- [EXCERPTED RECORDS]:
>>>

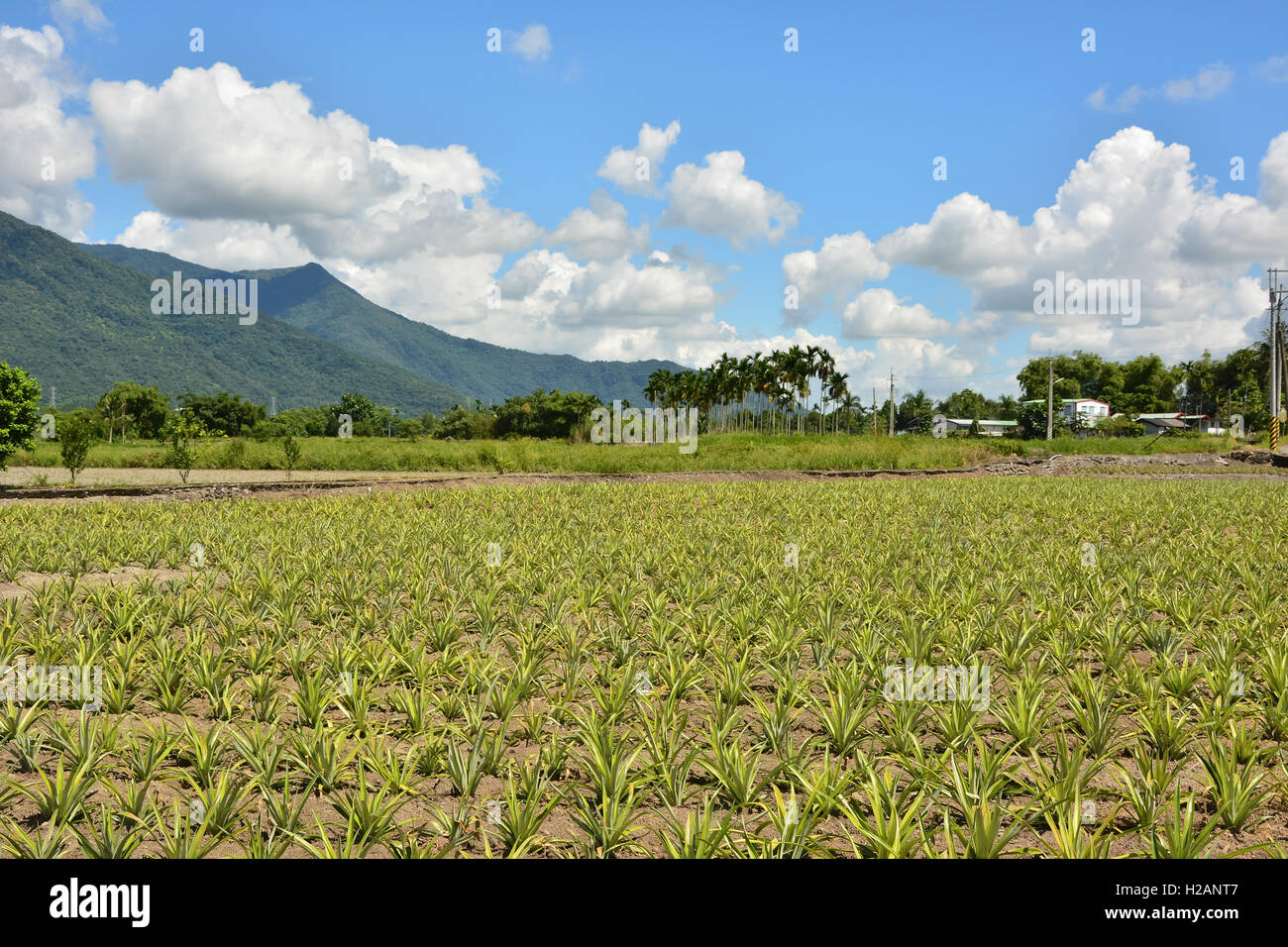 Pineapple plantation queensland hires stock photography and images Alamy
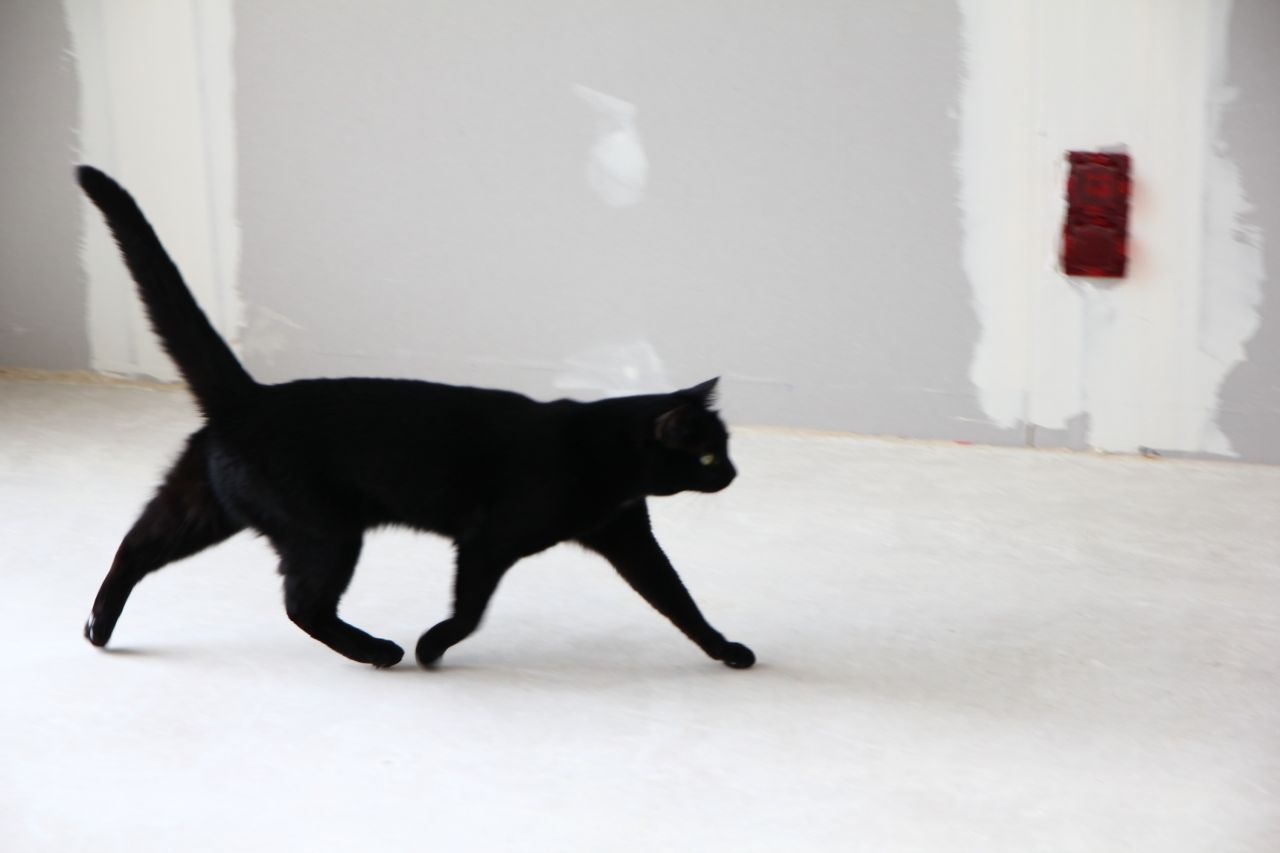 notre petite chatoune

<<<
>>>

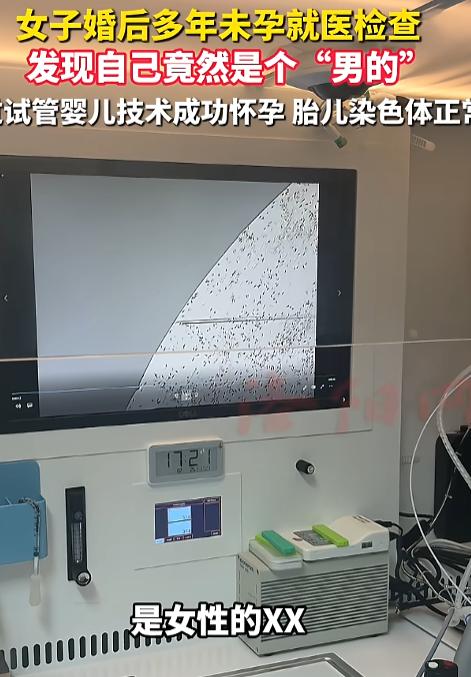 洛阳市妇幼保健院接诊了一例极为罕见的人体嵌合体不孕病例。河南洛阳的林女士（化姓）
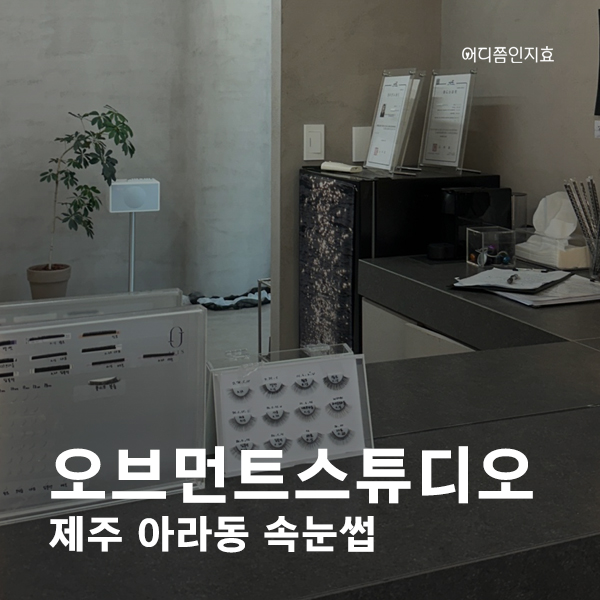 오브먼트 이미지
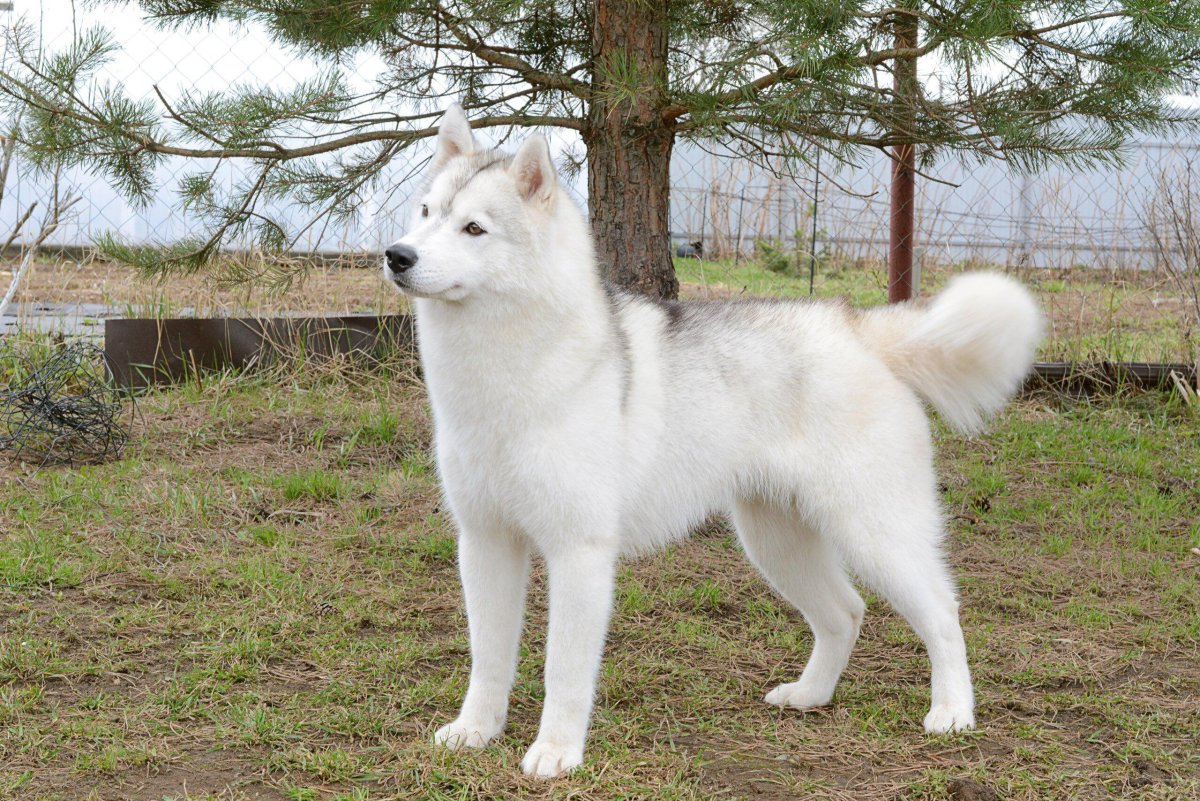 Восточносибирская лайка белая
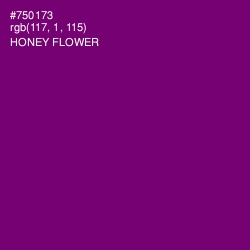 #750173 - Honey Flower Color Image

<<<
>>>

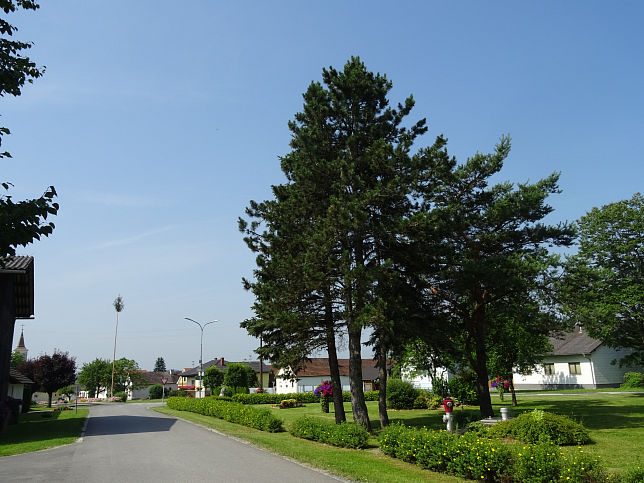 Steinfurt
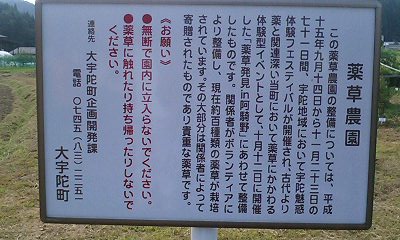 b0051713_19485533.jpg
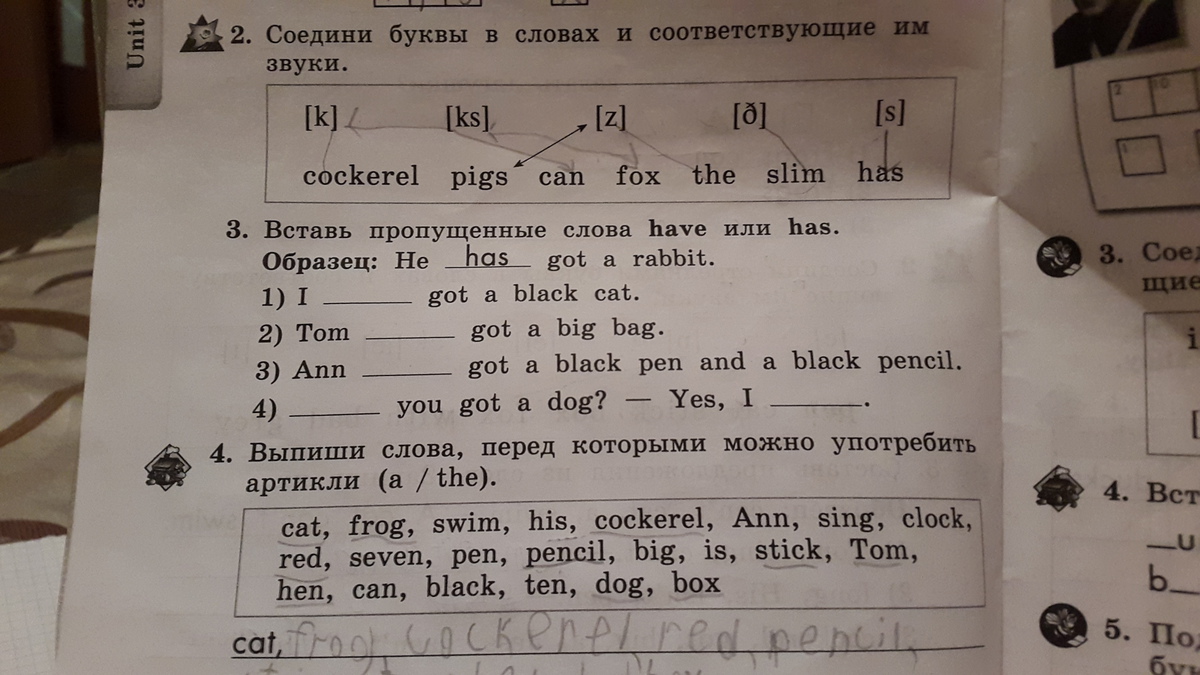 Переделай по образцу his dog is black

<<<

In the entries above, find the line that contains "Восточносибирская лайка белая" and the line that contains "#750173 - Honey Flower Color Image". Reproduce exactly those two lines and every line between them, but not the pictures.

 Восточносибирская лайка белая
 #750173 - Honey Flower Color Image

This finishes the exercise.